*Exercise requirements*
Copy down every line of the data that follows exactly. Omit the pictures.

# # # # # # #

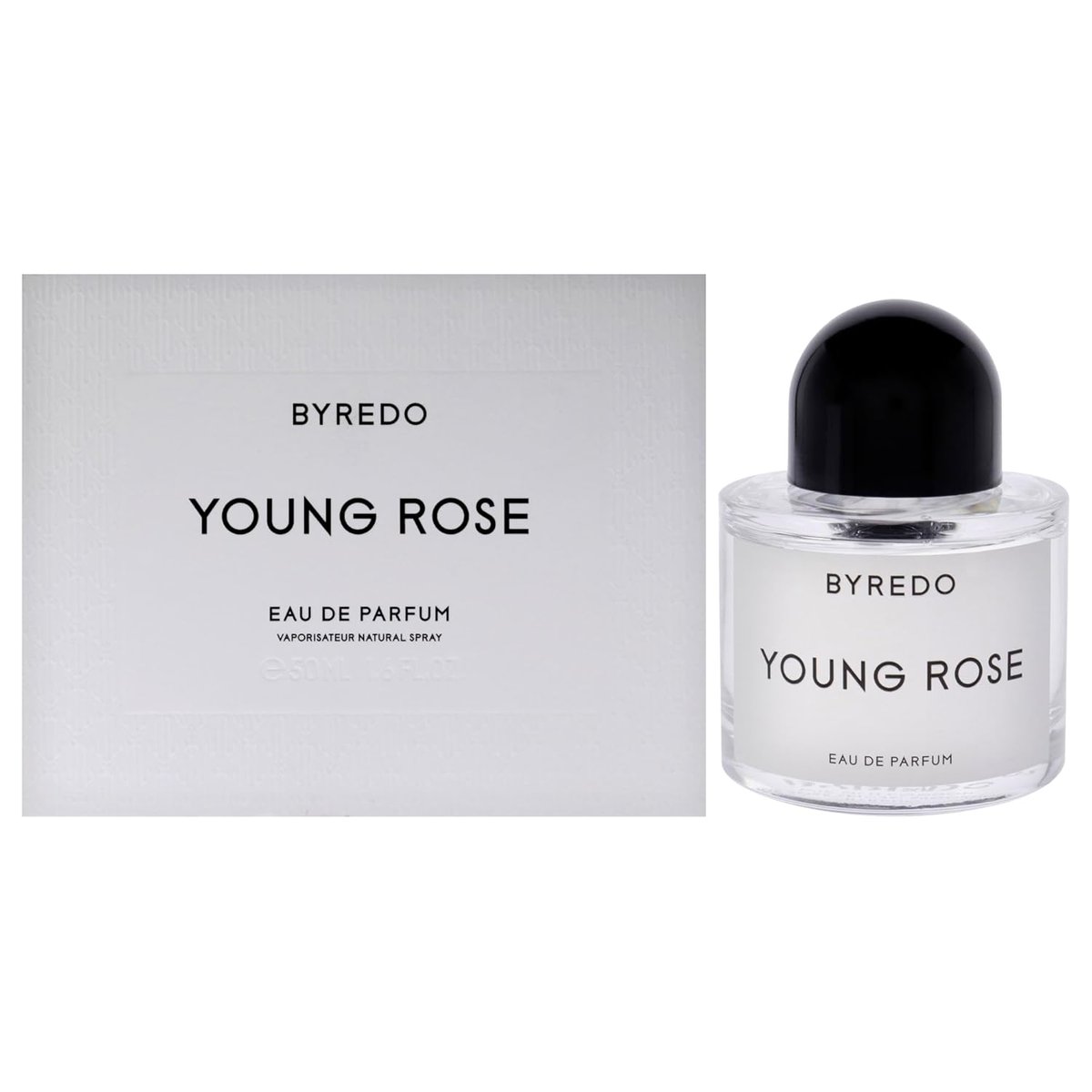 Byredo Young Rose: A Vivir Reporter's Unfiltered Review - Product Image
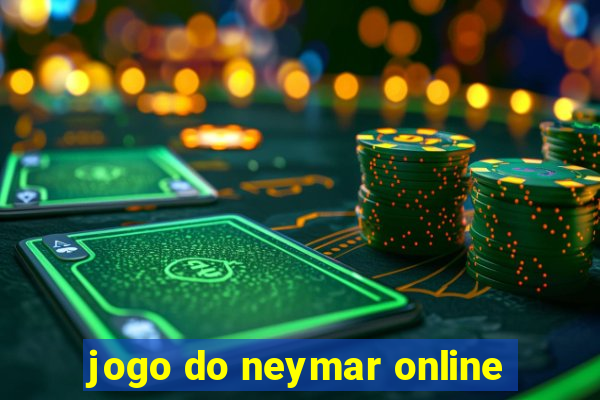 jogo do neymar online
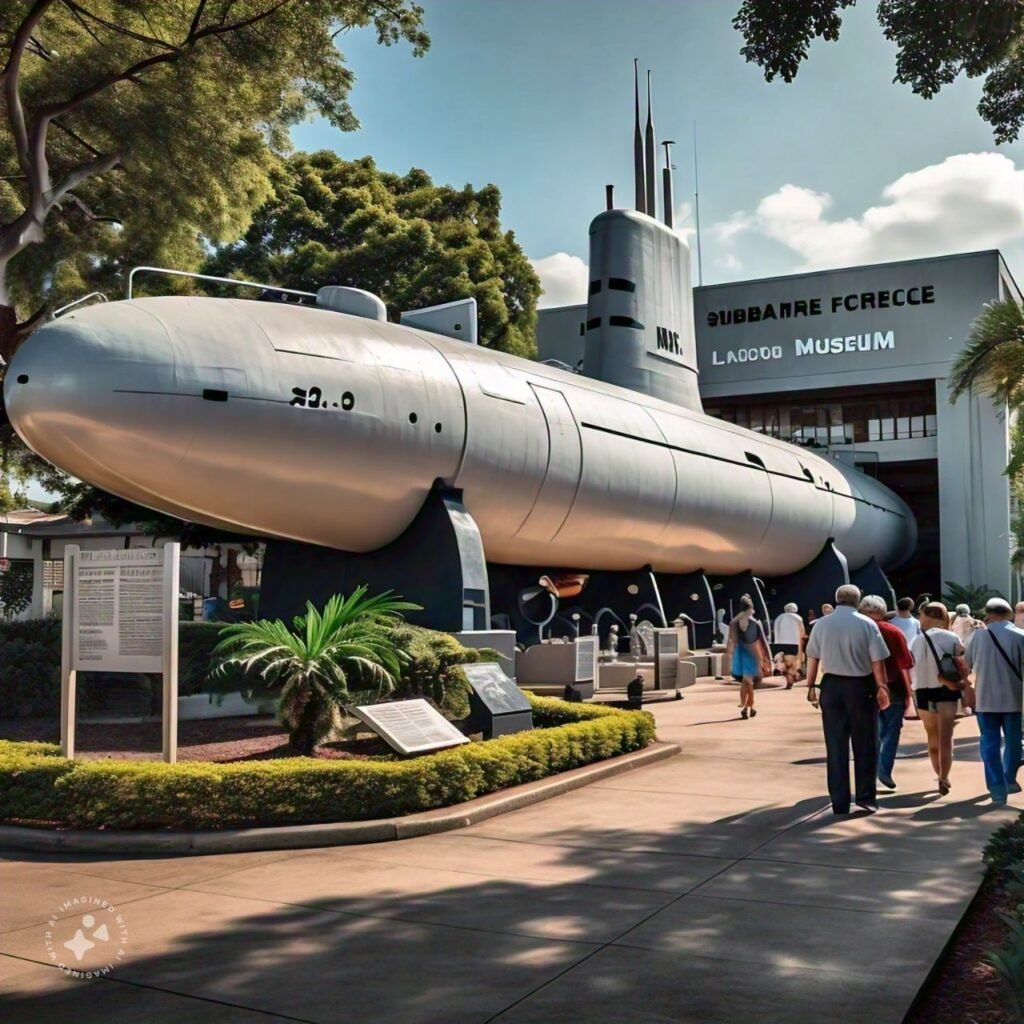 Submarine Force Museum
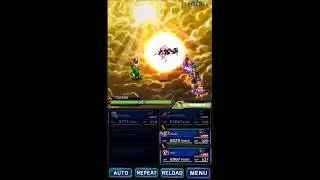 FFBE Limit Bursts - 6-star Archmage Kefka (True Light of Judgment)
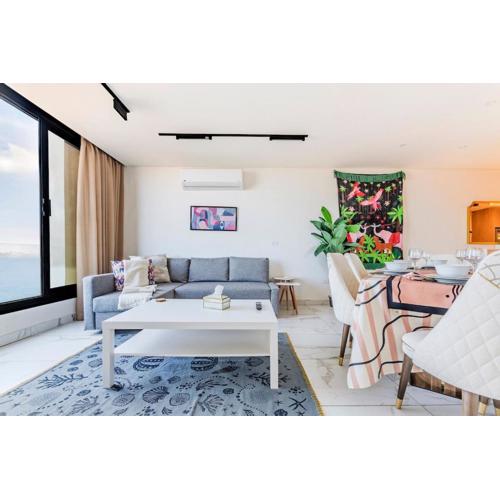 Nabeel Homes - Designer Seaview Condo - 108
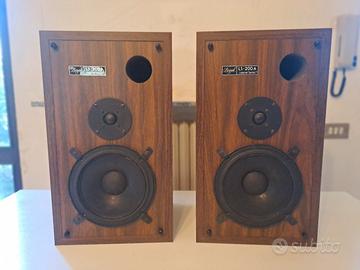 impianto hi-fi completo 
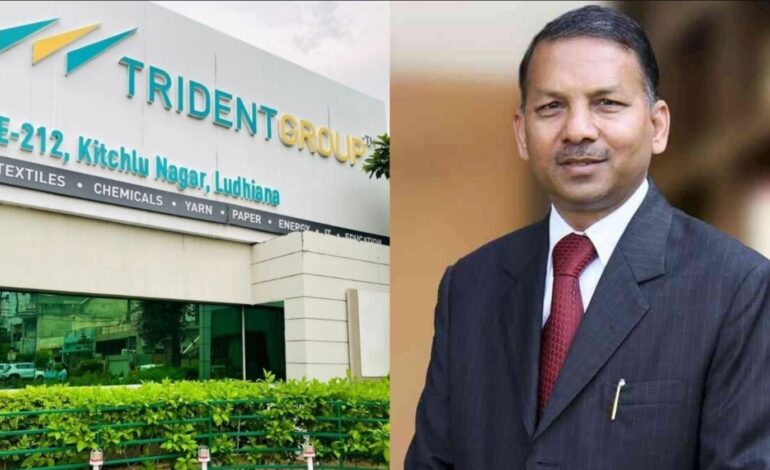 Trident ਗਰੁੱਪ ਨੂੰ ਹਾਈਕੋਰਟ ਨੇ ਦਿੱਤੀ ਵੱਡੀ ਰਾਹਤ! ਪ੍ਰਦੂਸ਼ਣ ਬੋਰਡ ਦੀ ਕਾਰਵਾਈ ‘ਤੇ 4 ਮਈ ਤੱਕ ਲੱਗੀ ਰੋਕ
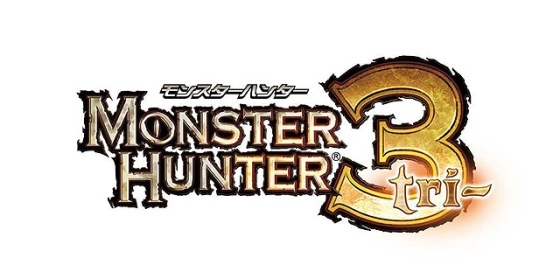 Monster Hunter 3 (tri-) - Trailer (Gamescom)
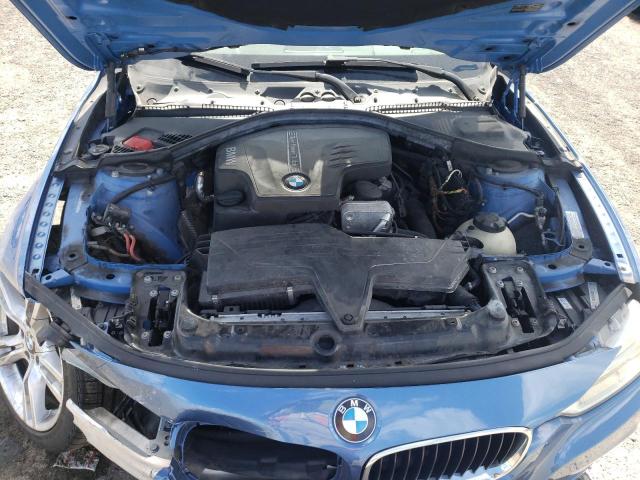 Photo 7 from auction – 2014 BMW 328 I with VIN WBA3A5C56EP600063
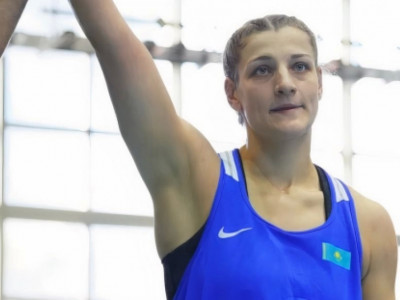 Әлем кубогі: Боксшы Валерия Аксенова жеңімпаз атанды
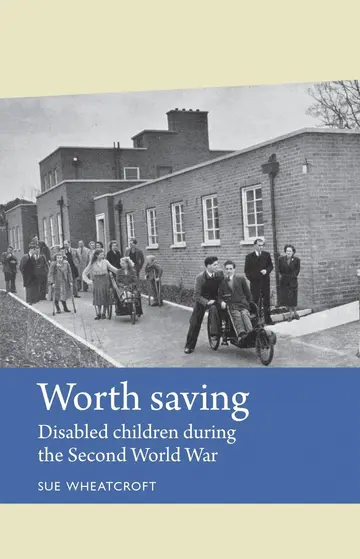 Cover of Worth Saving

# # # # # # #

*Answer area*
 Byredo Young Rose: A Vivir Reporter's Unfiltered Review - Product Image
 jogo do neymar online
 Submarine Force Museum
 FFBE Limit Bursts - 6-star Archmage Kefka (True Light of Judgment)
 Nabeel Homes - Designer Seaview Condo - 108
 impianto hi-fi completo 
 Trident ਗਰੁੱਪ ਨੂੰ ਹਾਈਕੋਰਟ ਨੇ ਦਿੱਤੀ ਵੱਡੀ ਰਾਹਤ! ਪ੍ਰਦੂਸ਼ਣ ਬੋਰਡ ਦੀ ਕਾਰਵਾਈ ‘ਤੇ 4 ਮਈ ਤੱਕ ਲੱਗੀ ਰੋਕ
 Monster Hunter 3 (tri-) - Trailer (Gamescom)
 Photo 7 from auction – 2014 BMW 328 I with VIN WBA3A5C56EP600063
 Әлем кубогі: Боксшы Валерия Аксенова жеңімпаз атанды
 Cover of Worth Saving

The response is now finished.